▶ _Work item_
Reproduce the data exactly, leaving nothing out.

##### Supplied data

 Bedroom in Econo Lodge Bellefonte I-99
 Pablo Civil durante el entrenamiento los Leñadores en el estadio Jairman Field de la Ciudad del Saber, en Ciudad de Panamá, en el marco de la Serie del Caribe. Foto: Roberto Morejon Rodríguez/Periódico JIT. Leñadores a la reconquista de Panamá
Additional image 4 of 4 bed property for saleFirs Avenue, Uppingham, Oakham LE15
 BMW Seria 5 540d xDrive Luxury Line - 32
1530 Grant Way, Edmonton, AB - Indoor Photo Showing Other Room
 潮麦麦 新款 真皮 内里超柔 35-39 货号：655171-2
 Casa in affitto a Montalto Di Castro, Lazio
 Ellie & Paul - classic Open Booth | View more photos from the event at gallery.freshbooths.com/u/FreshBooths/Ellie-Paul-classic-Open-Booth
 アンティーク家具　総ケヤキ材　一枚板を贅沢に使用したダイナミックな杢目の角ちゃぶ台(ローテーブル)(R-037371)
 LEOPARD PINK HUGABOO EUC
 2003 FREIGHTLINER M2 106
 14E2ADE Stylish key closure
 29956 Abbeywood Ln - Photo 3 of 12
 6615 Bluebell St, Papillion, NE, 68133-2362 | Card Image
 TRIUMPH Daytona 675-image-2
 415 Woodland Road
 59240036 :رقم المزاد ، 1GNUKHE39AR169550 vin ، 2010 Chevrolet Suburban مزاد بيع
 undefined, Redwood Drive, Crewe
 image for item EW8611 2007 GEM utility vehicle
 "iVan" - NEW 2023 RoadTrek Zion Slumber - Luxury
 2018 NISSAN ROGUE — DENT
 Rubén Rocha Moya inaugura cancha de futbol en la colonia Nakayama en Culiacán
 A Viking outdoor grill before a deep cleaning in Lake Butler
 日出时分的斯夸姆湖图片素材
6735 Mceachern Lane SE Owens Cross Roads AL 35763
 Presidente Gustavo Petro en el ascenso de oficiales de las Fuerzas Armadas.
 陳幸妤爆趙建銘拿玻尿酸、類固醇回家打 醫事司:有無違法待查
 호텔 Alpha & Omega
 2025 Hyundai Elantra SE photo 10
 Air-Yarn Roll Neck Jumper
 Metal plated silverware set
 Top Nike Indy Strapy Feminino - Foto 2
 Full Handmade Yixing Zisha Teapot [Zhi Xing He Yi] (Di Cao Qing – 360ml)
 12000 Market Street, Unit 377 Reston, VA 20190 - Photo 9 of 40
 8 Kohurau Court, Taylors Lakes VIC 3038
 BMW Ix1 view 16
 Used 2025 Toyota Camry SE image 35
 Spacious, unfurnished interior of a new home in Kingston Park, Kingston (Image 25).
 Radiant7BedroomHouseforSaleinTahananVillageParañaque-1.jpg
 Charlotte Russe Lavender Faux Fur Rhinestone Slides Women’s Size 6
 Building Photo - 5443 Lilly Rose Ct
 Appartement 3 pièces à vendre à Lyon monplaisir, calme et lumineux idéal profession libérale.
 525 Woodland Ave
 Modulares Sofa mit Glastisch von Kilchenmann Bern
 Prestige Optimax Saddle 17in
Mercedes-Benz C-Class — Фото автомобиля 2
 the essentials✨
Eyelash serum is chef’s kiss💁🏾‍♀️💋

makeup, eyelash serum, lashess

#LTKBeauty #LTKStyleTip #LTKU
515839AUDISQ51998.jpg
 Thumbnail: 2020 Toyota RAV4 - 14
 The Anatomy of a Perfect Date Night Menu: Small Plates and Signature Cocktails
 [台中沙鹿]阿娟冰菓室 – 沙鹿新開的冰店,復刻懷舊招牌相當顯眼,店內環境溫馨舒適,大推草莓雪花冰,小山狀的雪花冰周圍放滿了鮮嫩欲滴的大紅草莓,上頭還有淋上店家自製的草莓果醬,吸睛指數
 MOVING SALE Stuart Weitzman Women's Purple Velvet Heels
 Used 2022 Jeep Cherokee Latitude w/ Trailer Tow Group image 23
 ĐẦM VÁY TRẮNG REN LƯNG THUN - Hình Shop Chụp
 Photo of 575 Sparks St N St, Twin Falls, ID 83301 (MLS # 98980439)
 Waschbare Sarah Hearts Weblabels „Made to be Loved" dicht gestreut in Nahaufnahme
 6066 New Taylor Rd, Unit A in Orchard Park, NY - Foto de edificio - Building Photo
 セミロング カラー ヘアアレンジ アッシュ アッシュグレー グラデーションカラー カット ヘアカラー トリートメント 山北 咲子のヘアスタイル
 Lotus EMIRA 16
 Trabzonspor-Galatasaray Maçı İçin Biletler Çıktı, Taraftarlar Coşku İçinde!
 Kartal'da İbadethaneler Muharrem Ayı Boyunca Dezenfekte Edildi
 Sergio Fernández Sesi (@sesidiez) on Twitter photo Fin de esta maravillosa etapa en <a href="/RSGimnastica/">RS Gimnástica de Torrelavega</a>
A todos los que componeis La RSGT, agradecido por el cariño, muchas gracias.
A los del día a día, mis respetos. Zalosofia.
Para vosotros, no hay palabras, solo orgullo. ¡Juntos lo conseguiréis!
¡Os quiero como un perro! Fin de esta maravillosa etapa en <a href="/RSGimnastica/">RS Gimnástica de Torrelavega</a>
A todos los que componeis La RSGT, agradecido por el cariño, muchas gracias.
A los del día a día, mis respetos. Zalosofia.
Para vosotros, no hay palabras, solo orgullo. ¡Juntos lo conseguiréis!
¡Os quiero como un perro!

##########

▶ _Exercise response_
 Bedroom in Econo Lodge Bellefonte I-99
 Pablo Civil durante el entrenamiento los Leñadores en el estadio Jairman Field de la Ciudad del Saber, en Ciudad de Panamá, en el marco de la Serie del Caribe. Foto: Roberto Morejon Rodríguez/Periódico JIT. Leñadores a la reconquista de Panamá
Additional image 4 of 4 bed property for saleFirs Avenue, Uppingham, Oakham LE15
 BMW Seria 5 540d xDrive Luxury Line - 32
1530 Grant Way, Edmonton, AB - Indoor Photo Showing Other Room
 潮麦麦 新款 真皮 内里超柔 35-39 货号：655171-2
 Casa in affitto a Montalto Di Castro, Lazio
 Ellie & Paul - classic Open Booth | View more photos from the event at gallery.freshbooths.com/u/FreshBooths/Ellie-Paul-classic-Open-Booth
 アンティーク家具　総ケヤキ材　一枚板を贅沢に使用したダイナミックな杢目の角ちゃぶ台(ローテーブル)(R-037371)
 LEOPARD PINK HUGABOO EUC
 2003 FREIGHTLINER M2 106
 14E2ADE Stylish key closure
 29956 Abbeywood Ln - Photo 3 of 12
 6615 Bluebell St, Papillion, NE, 68133-2362 | Card Image
 TRIUMPH Daytona 675-image-2
 415 Woodland Road
 59240036 :رقم المزاد ، 1GNUKHE39AR169550 vin ، 2010 Chevrolet Suburban مزاد بيع
 undefined, Redwood Drive, Crewe
 image for item EW8611 2007 GEM utility vehicle
 "iVan" - NEW 2023 RoadTrek Zion Slumber - Luxury
 2018 NISSAN ROGUE — DENT
 Rubén Rocha Moya inaugura cancha de futbol en la colonia Nakayama en Culiacán
 A Viking outdoor grill before a deep cleaning in Lake Butler
 日出时分的斯夸姆湖图片素材
6735 Mceachern Lane SE Owens Cross Roads AL 35763
 Presidente Gustavo Petro en el ascenso de oficiales de las Fuerzas Armadas.
 陳幸妤爆趙建銘拿玻尿酸、類固醇回家打 醫事司:有無違法待查
 호텔 Alpha & Omega
 2025 Hyundai Elantra SE photo 10
 Air-Yarn Roll Neck Jumper
 Metal plated silverware set
 Top Nike Indy Strapy Feminino - Foto 2
 Full Handmade Yixing Zisha Teapot [Zhi Xing He Yi] (Di Cao Qing – 360ml)
 12000 Market Street, Unit 377 Reston, VA 20190 - Photo 9 of 40
 8 Kohurau Court, Taylors Lakes VIC 3038
 BMW Ix1 view 16
 Used 2025 Toyota Camry SE image 35
 Spacious, unfurnished interior of a new home in Kingston Park, Kingston (Image 25).
 Radiant7BedroomHouseforSaleinTahananVillageParañaque-1.jpg
 Charlotte Russe Lavender Faux Fur Rhinestone Slides Women’s Size 6
 Building Photo - 5443 Lilly Rose Ct
 Appartement 3 pièces à vendre à Lyon monplaisir, calme et lumineux idéal profession libérale.
 525 Woodland Ave
 Modulares Sofa mit Glastisch von Kilchenmann Bern
 Prestige Optimax Saddle 17in
Mercedes-Benz C-Class — Фото автомобиля 2
 the essentials✨
Eyelash serum is chef’s kiss💁🏾‍♀️💋

makeup, eyelash serum, lashess

#LTKBeauty #LTKStyleTip #LTKU
515839AUDISQ51998.jpg
 Thumbnail: 2020 Toyota RAV4 - 14
 The Anatomy of a Perfect Date Night Menu: Small Plates and Signature Cocktails
 [台中沙鹿]阿娟冰菓室 – 沙鹿新開的冰店,復刻懷舊招牌相當顯眼,店內環境溫馨舒適,大推草莓雪花冰,小山狀的雪花冰周圍放滿了鮮嫩欲滴的大紅草莓,上頭還有淋上店家自製的草莓果醬,吸睛指數
 MOVING SALE Stuart Weitzman Women's Purple Velvet Heels
 Used 2022 Jeep Cherokee Latitude w/ Trailer Tow Group image 23
 ĐẦM VÁY TRẮNG REN LƯNG THUN - Hình Shop Chụp
 Photo of 575 Sparks St N St, Twin Falls, ID 83301 (MLS # 98980439)
 Waschbare Sarah Hearts Weblabels „Made to be Loved" dicht gestreut in Nahaufnahme
 6066 New Taylor Rd, Unit A in Orchard Park, NY - Foto de edificio - Building Photo
 セミロング カラー ヘアアレンジ アッシュ アッシュグレー グラデーションカラー カット ヘアカラー トリートメント 山北 咲子のヘアスタイル
 Lotus EMIRA 16
 Trabzonspor-Galatasaray Maçı İçin Biletler Çıktı, Taraftarlar Coşku İçinde!
 Kartal'da İbadethaneler Muharrem Ayı Boyunca Dezenfekte Edildi
 Sergio Fernández Sesi (@sesidiez) on Twitter photo Fin de esta maravillosa etapa en <a href="/RSGimnastica/">RS Gimnástica de Torrelavega</a>
A todos los que componeis La RSGT, agradecido por el cariño, muchas gracias.
A los del día a día, mis respetos. Zalosofia.
Para vosotros, no hay palabras, solo orgullo. ¡Juntos lo conseguiréis!
¡Os quiero como un perro! Fin de esta maravillosa etapa en <a href="/RSGimnastica/">RS Gimnástica de Torrelavega</a>
A todos los que componeis La RSGT, agradecido por el cariño, muchas gracias.
A los del día a día, mis respetos. Zalosofia.
Para vosotros, no hay palabras, solo orgullo. ¡Juntos lo conseguiréis!
¡Os quiero como un perro!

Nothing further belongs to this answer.